Task to carry out:
Pictures stay out; please output the remaining data exactly.

Records to use START

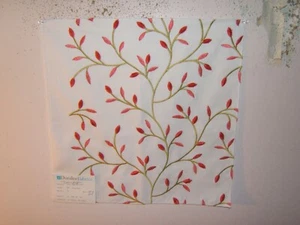 Duralee, Embroidered Catkins, Floral, Remnants for Crafts, Color Papaya and Sage - Picture 1 of 1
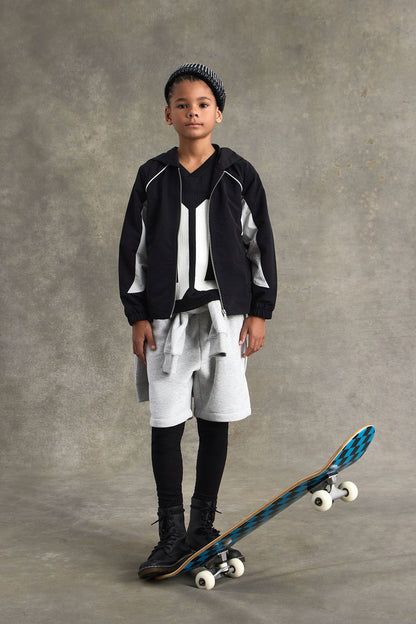 Mini Relaxed Aura Coded Hooded Track Jacket - Black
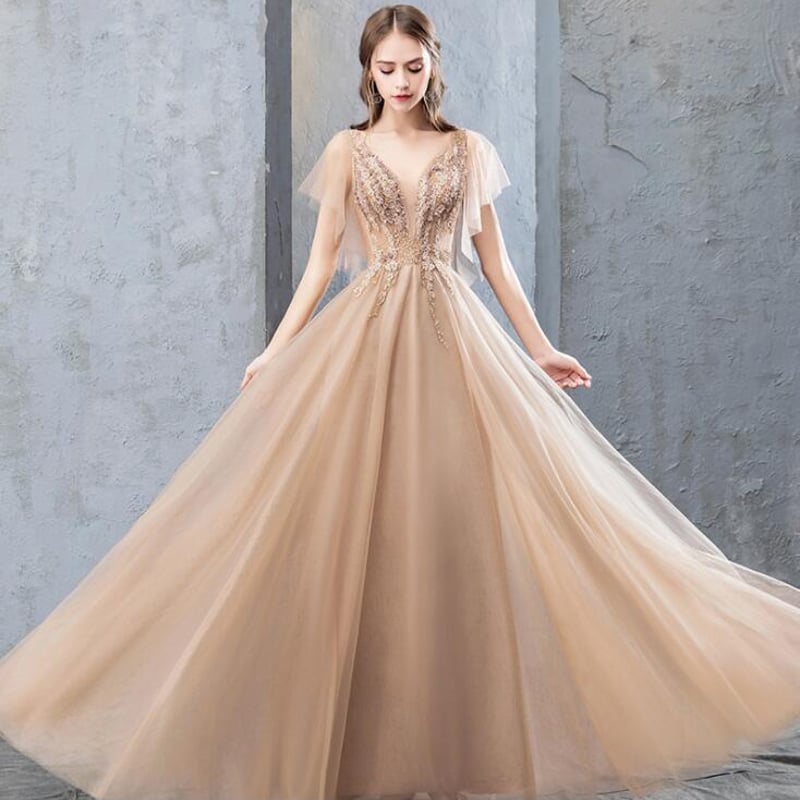 ☆9号(M)☆胸元立体刺繍チュールロングドレス(OPN1008） | miamissione'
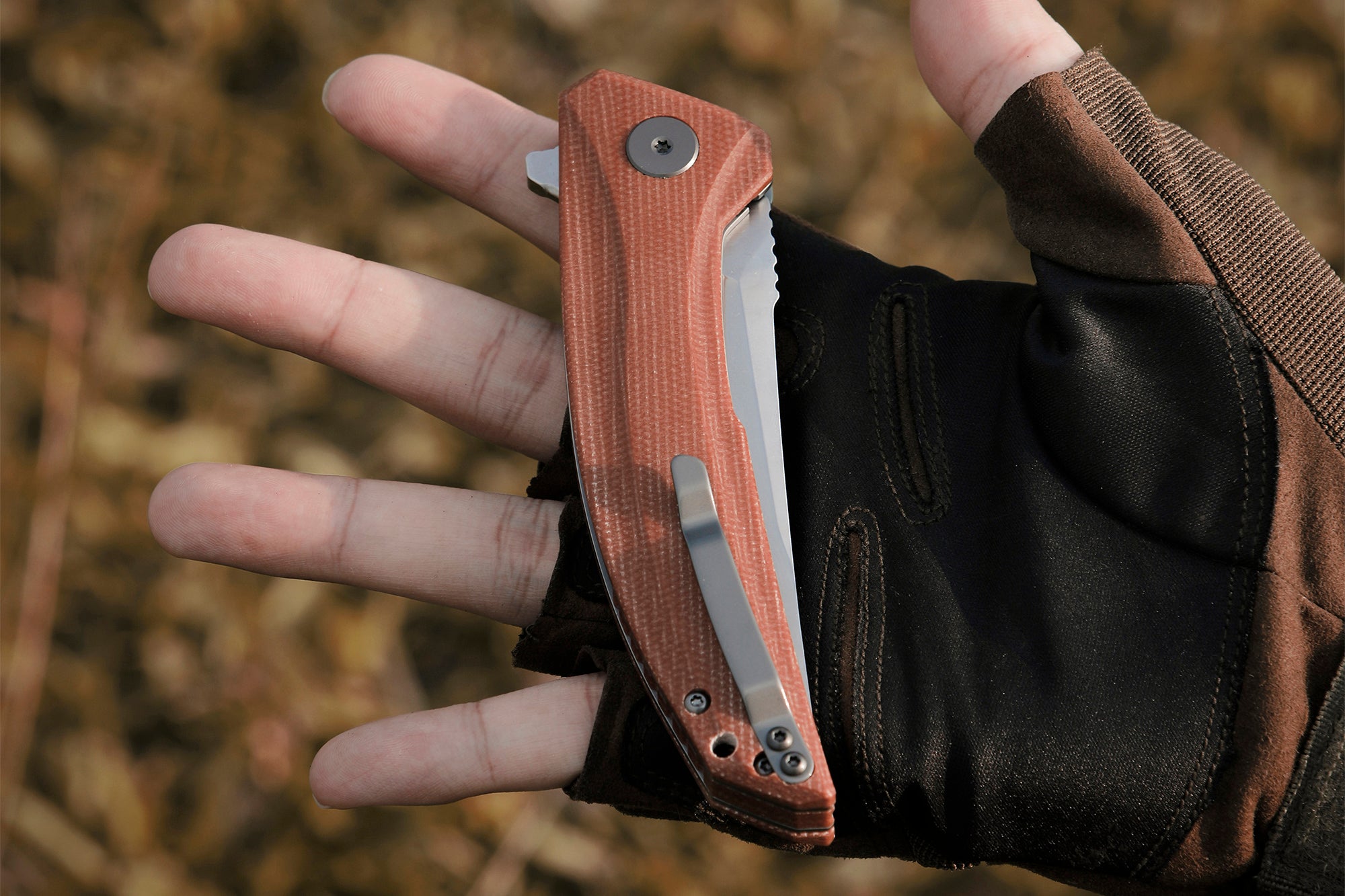 Petrified Fish PFP05 Deepsea ,3.66” K110 Blade,Carbon fiber/Micarta/Carbon fiber&G10 Handle Flipper Liner lock Folding knife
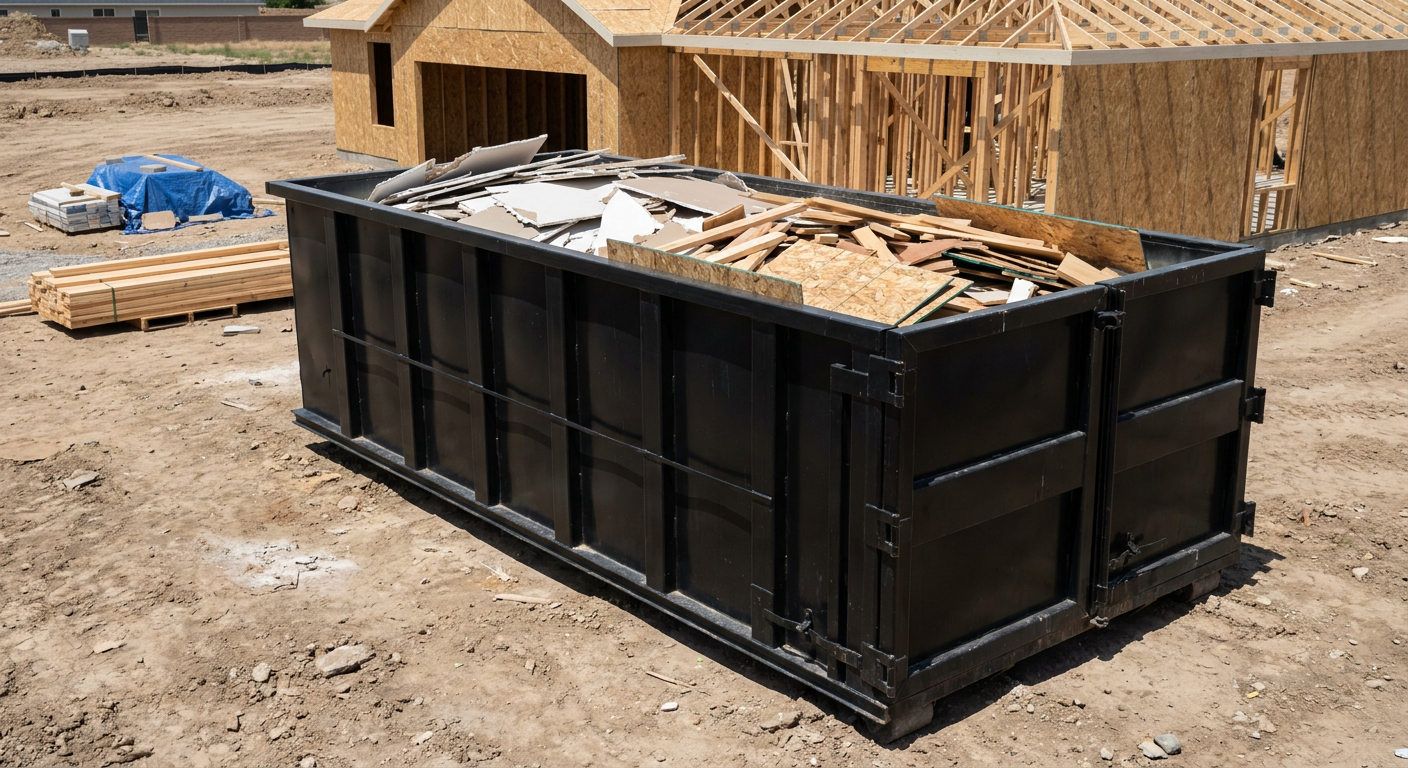 Matte-black 30-yard roll-off construction dumpster sitting directly on the compacted-dirt site of a framed single-family home build in Orlando, drywall and lumber scrap loaded inside.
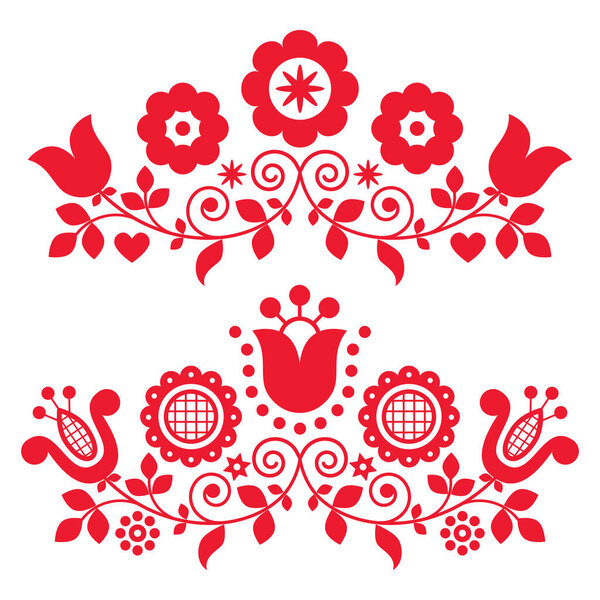 Коллекция векторного дизайна польского народного искусства с цветами идеально подходит для поздравительной открытки или свадебного приглашения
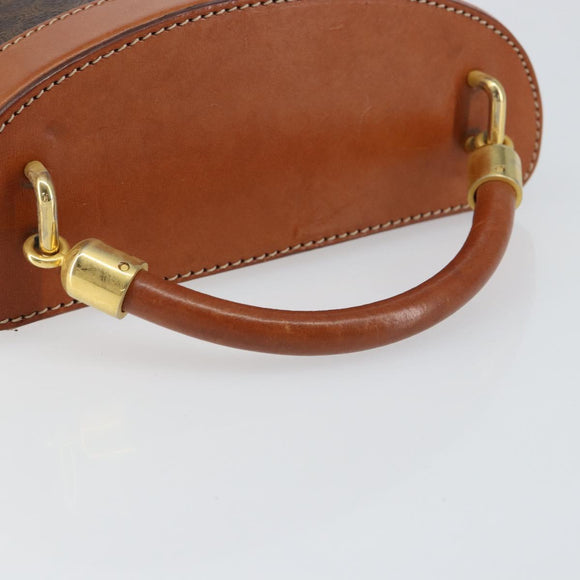 CELINE Macadam Canvas Vanity Pouch PVC Leather Brown Gold Auth 121321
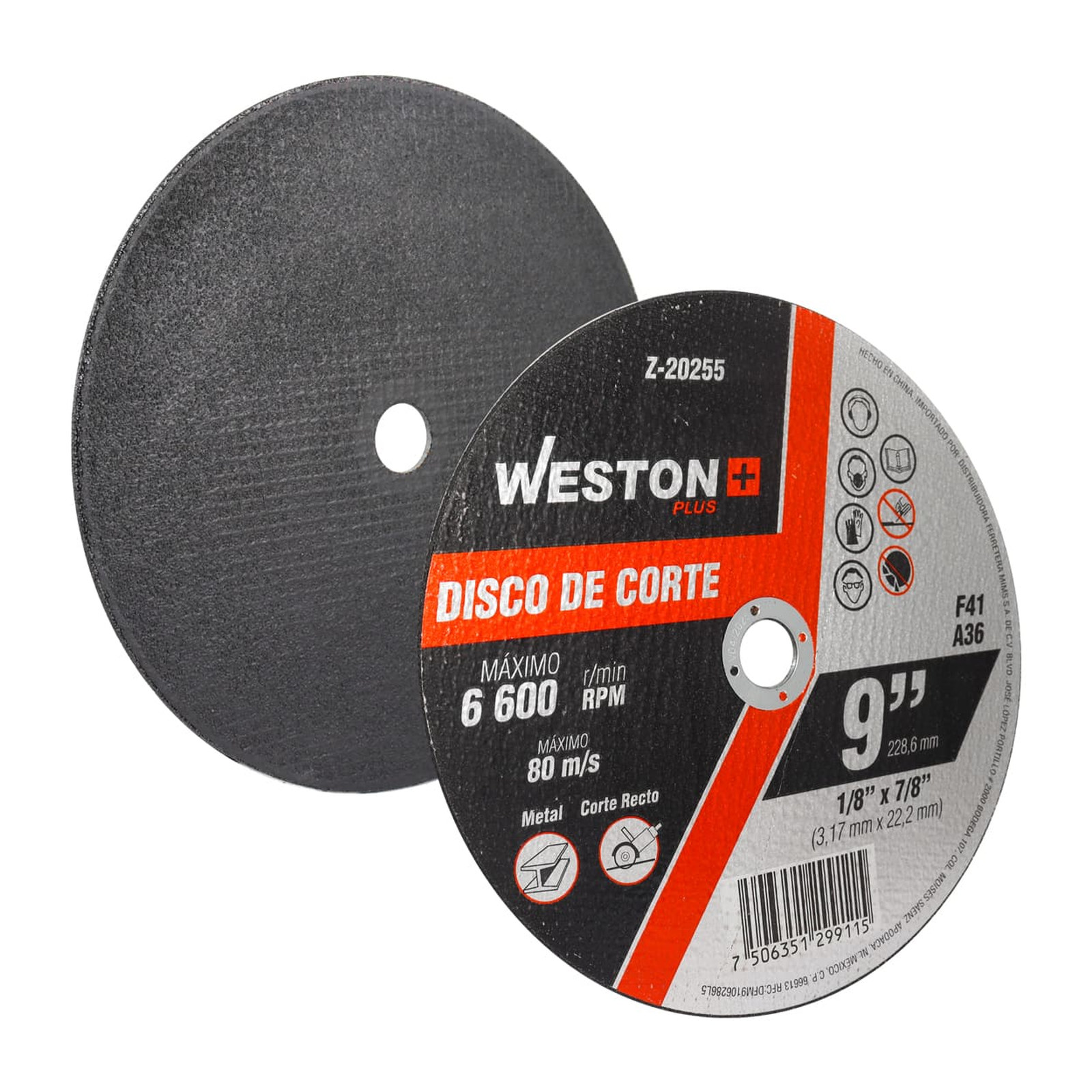 Disco de Corte para Metal 9" x 1/8" x 7/8" Tipo F41 WESTON PLUS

Records to use END

Written answer:
 Duralee, Embroidered Catkins, Floral, Remnants for Crafts, Color Papaya and Sage - Picture 1 of 1
 Mini Relaxed Aura Coded Hooded Track Jacket - Black
 ☆9号(M)☆胸元立体刺繍チュールロングドレス(OPN1008） | miamissione'
 Petrified Fish PFP05 Deepsea ,3.66” K110 Blade,Carbon fiber/Micarta/Carbon fiber&G10 Handle Flipper Liner lock Folding knife
 Matte-black 30-yard roll-off construction dumpster sitting directly on the compacted-dirt site of a framed single-family home build in Orlando, drywall and lumber scrap loaded inside.
 Коллекция векторного дизайна польского народного искусства с цветами идеально подходит для поздравительной открытки или свадебного приглашения
 CELINE Macadam Canvas Vanity Pouch PVC Leather Brown Gold Auth 121321
 Disco de Corte para Metal 9" x 1/8" x 7/8" Tipo F41 WESTON PLUS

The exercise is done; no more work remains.